僕たちはそのお盆の上の物を見て喜びが湧き上がった。
「つっめたいジュースだ」
氷が入ったコップとペットボトルのジュース。暑い日には最高だ。
彼はお盆をテーブルに置き、コップにジュースを注いだ。
炭酸が氷に当たって泡が沸き立つ。シュワシュワと音を聞いて喉が渇いてきた。
「さあ、寝そべっていいぞ」
「典男、お前最高」
僕たちは喜び勇んでハンモックに乗った。
ゆらゆらとハンモックが揺れる。心地よい風と暖かな日差しが差し込む。
ファミリータイプの大きなハンモックに僕たちは寝そべった。
時折、喉が渇いたらそばのジュースを飲む。

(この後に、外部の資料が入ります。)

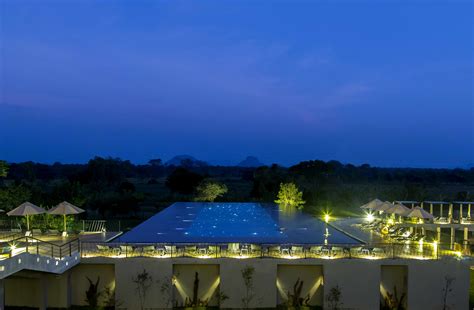 Photo Gallery | Aliya Resort & Spa Sigiriya Photos and Videos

炭酸の刺激と甘味が口を満たす。
30分くらいそれを楽しんだら、僕たちは自然と眠ってしまった。
目が覚めると、空は茜色に染まっていた。
3時間近く眠っていたようだ。
質の良い睡眠体験だった。ぐっすり眠れて僕は大満足だ。
「サンキュー、典男」
「ありがとう」
僕とトオルは彼に感謝した。
「これで今日はしっかり寝られたな?」
は?
「今日はこのまま帰ってランクアップ耐久だ」
「勘弁してくれ」
結局、僕たちは翌日の朝まで耐久することになった。
おかげで日曜日の僕は丸1日寝る羽目になった。
最後まで読んでいただきありがとうございます。